[Dataset extract — start]
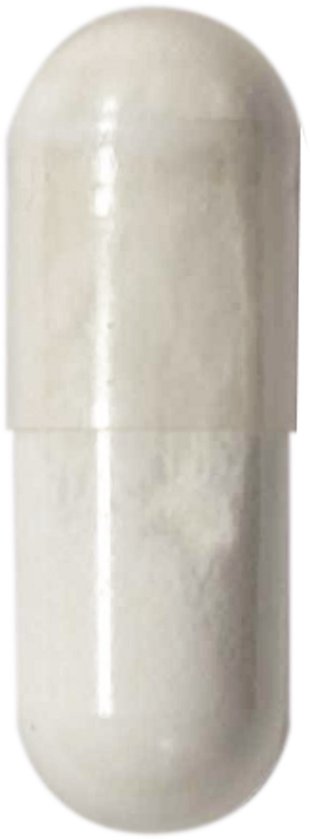 Een enkele witte capsule, op een witte achtergrond.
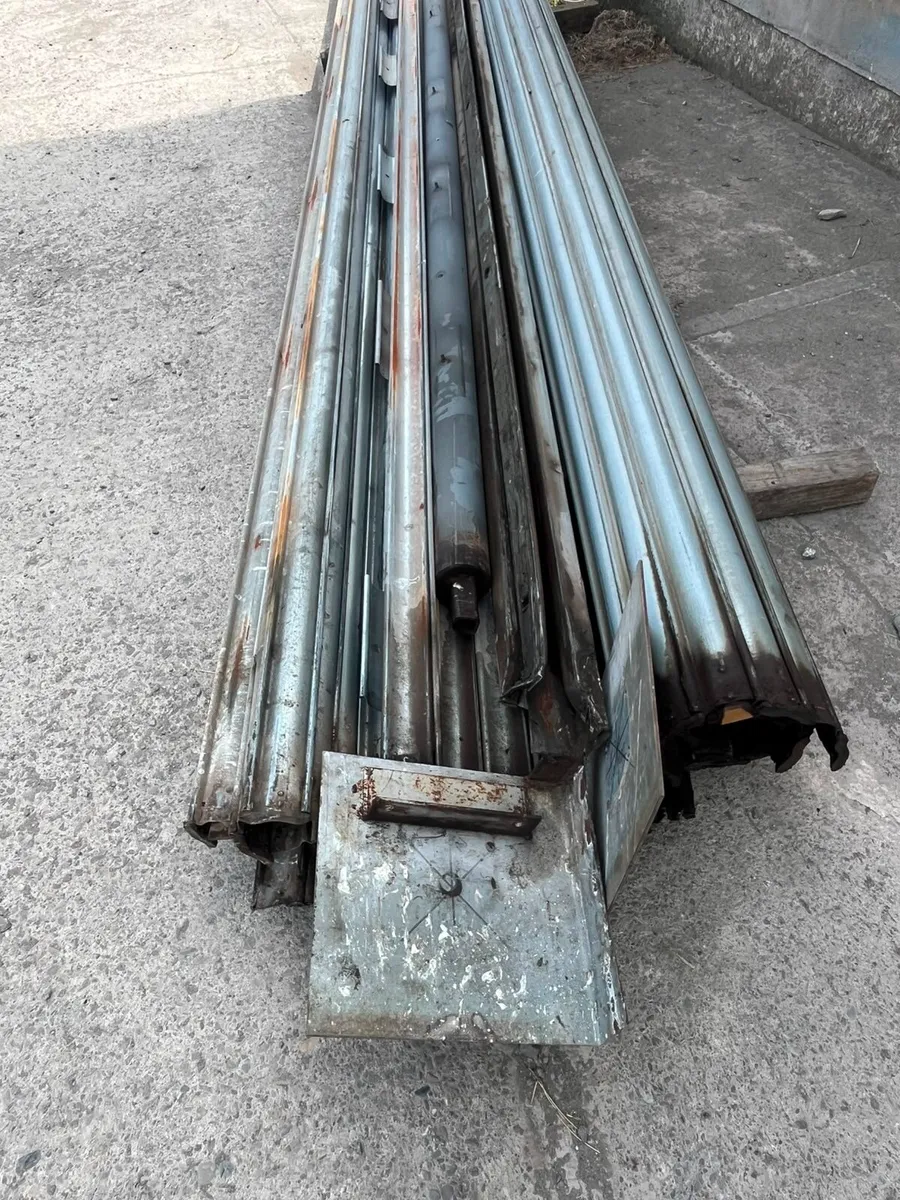 Roller door - Image 4
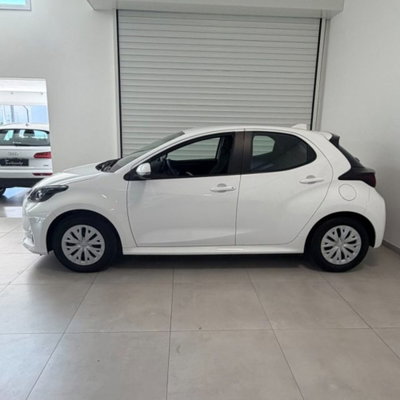 Toyota Yaris Cross 1.5 Hybrid 5p. E-CVT Premiere (4)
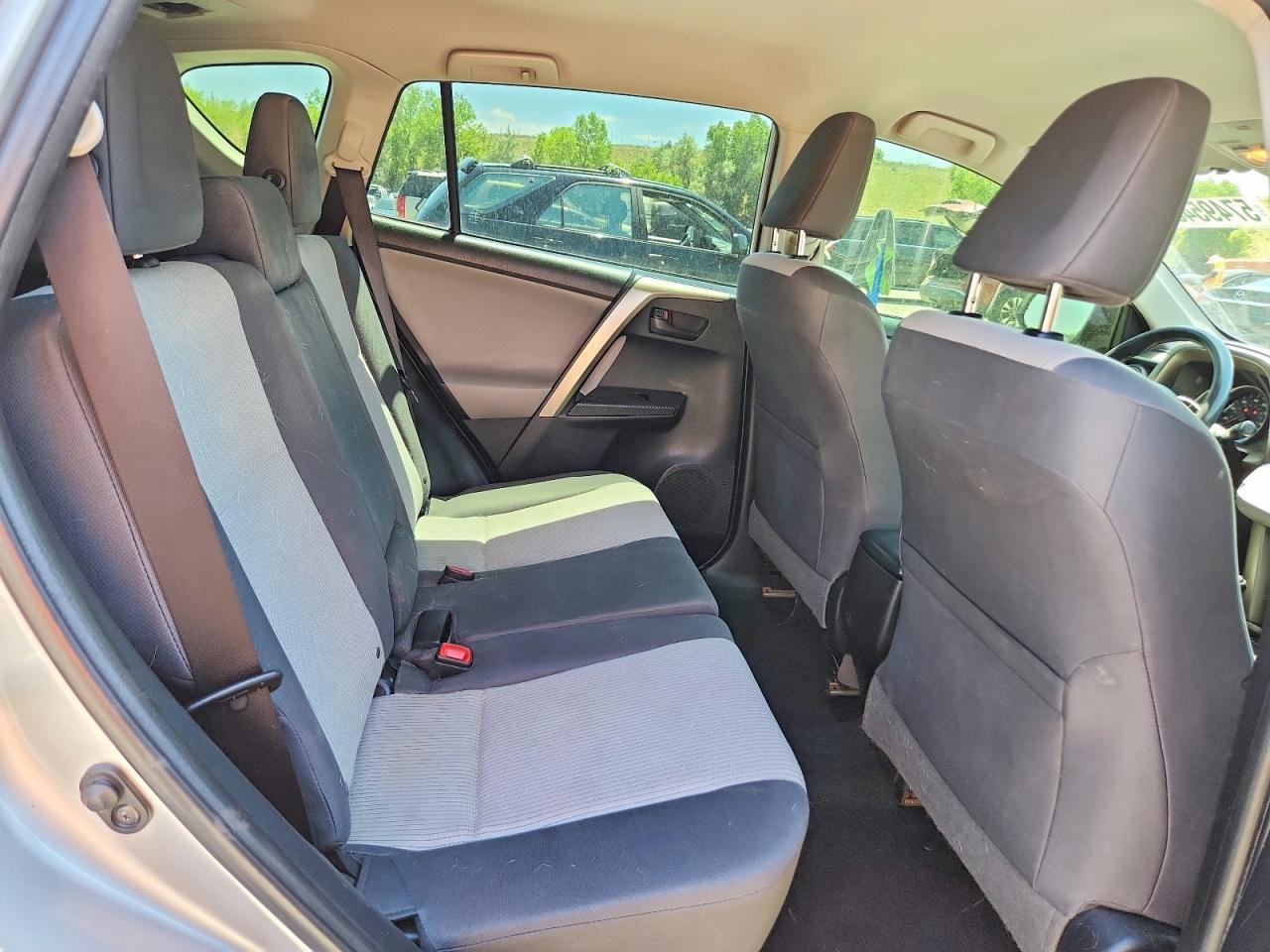 2014 Toyota Rav4 Le - zdjęcie 11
[Dataset extract — finish]
**The task:**
The range to transcribe runs from the line holding "Roller door - Image 4" through the final line of the data above; copy it exactly and exclude the pictures.

**Solution to the problem:**
 Roller door - Image 4
 Toyota Yaris Cross 1.5 Hybrid 5p. E-CVT Premiere (4)
 2014 Toyota Rav4 Le - zdjęcie 11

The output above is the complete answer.